* **Exercise**:
The reply should hold every record, copied exactly, and none of the pictures.

* **Data extracts**:
╔══
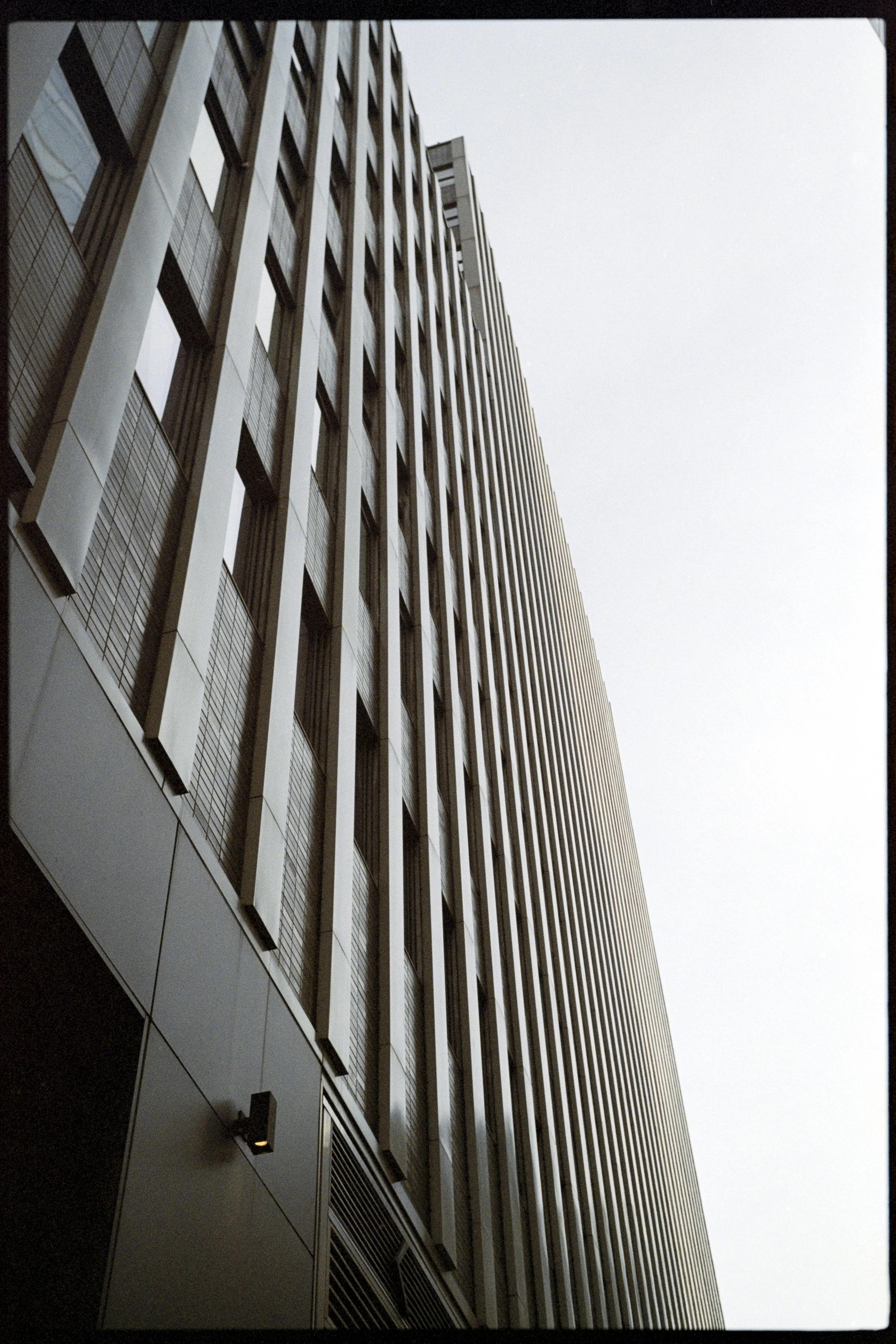 Close-up view of a modern high-rise building with vertical metal slats and glass windows, taken from below against a cloudy sky.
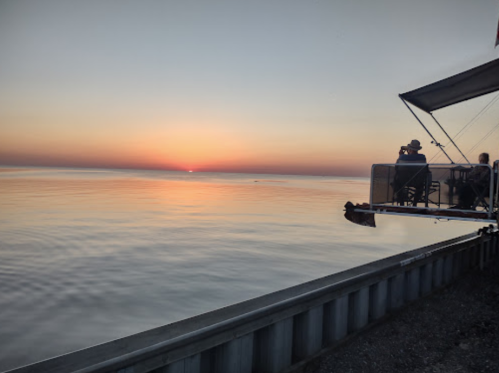 A serene sunset over calm waters, with silhouettes of people enjoying the view from a dock.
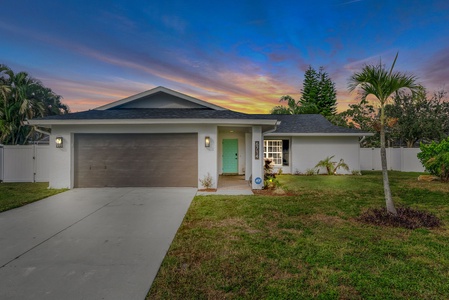 Single-story house with a two-car garage, a light blue front door, and a manicured lawn, set against a vibrant sunset sky.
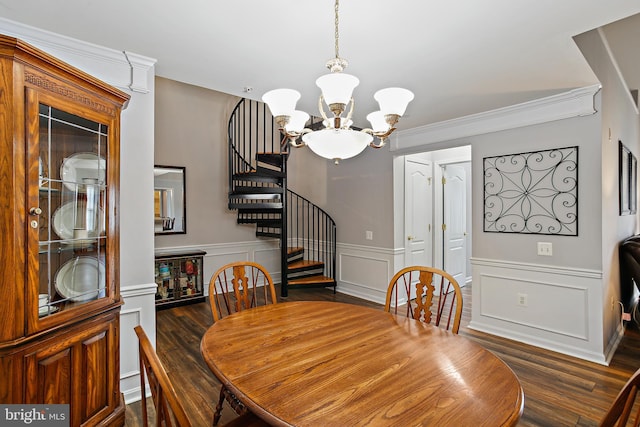 dining area featuring stairway, dark wood-style flooring, a notable chandelier, and a wainscoted wall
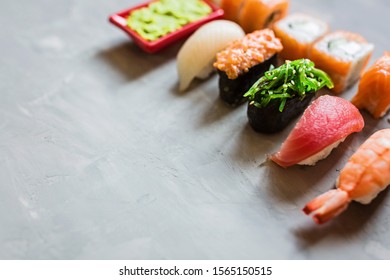 Top View On Traditional Japanese Empty With Sushi, Ginger, Soy Sauce, Wasabi On Concrete Gray Background, Mock Up. Online Food Delivery Concept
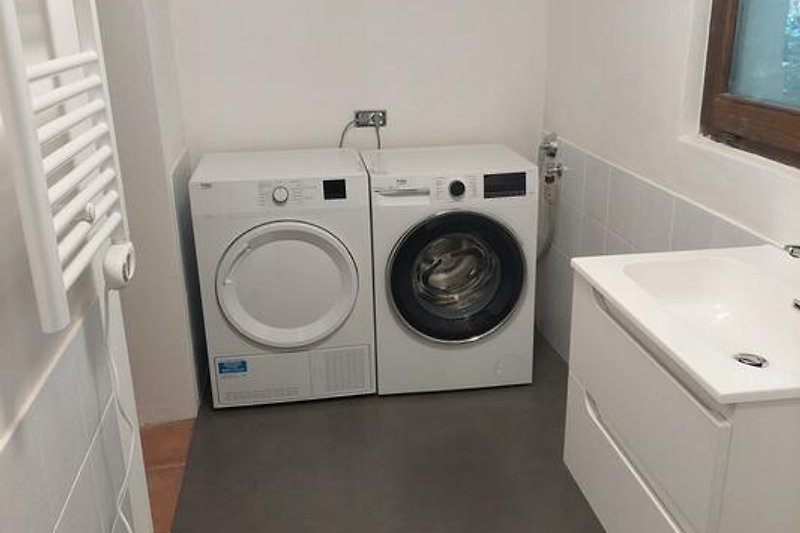 Separater Raum mit Waschmaschine und Wäschetrockner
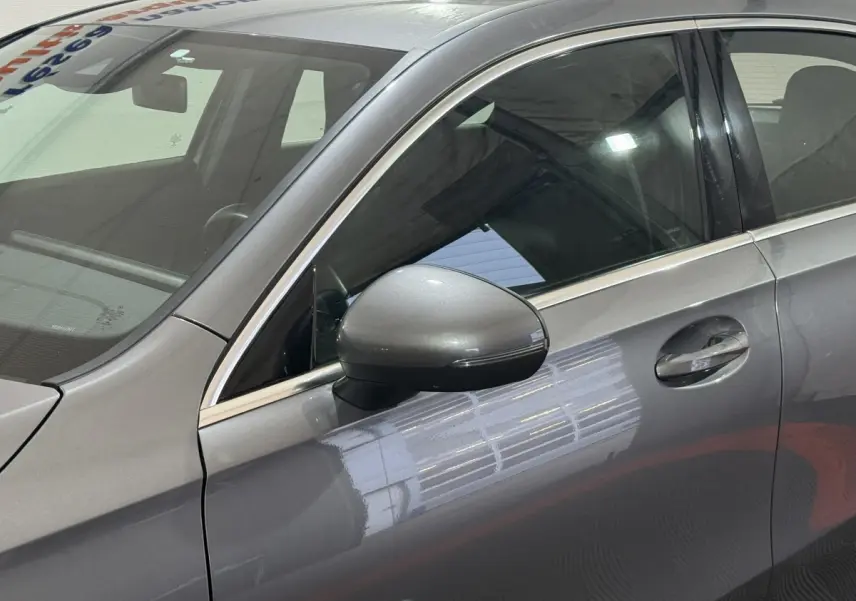 Vue rapprochée du côté gauche d’une Mercedes Classe A A 200 AMG Line gris foncé, mettant en valeur la portière et le rétroviseur.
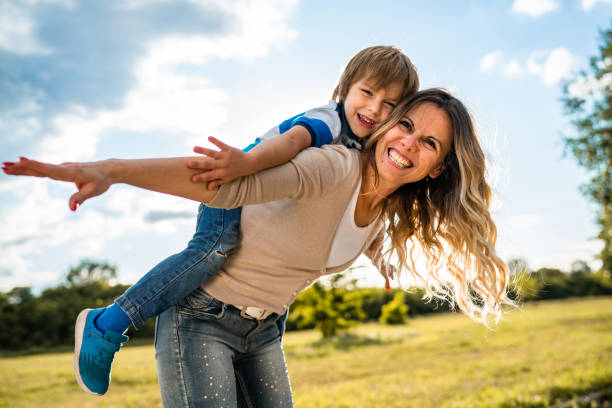 istock Mom is holding son in public park 1262339955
╚══
* **Reply to the exercise**:
 Close-up view of a modern high-rise building with vertical metal slats and glass windows, taken from below against a cloudy sky.
 A serene sunset over calm waters, with silhouettes of people enjoying the view from a dock.
 Single-story house with a two-car garage, a light blue front door, and a manicured lawn, set against a vibrant sunset sky.
 dining area featuring stairway, dark wood-style flooring, a notable chandelier, and a wainscoted wall
 Top View On Traditional Japanese Empty With Sushi, Ginger, Soy Sauce, Wasabi On Concrete Gray Background, Mock Up. Online Food Delivery Concept
 Separater Raum mit Waschmaschine und Wäschetrockner
 Vue rapprochée du côté gauche d’une Mercedes Classe A A 200 AMG Line gris foncé, mettant en valeur la portière et le rétroviseur.
 istock Mom is holding son in public park 1262339955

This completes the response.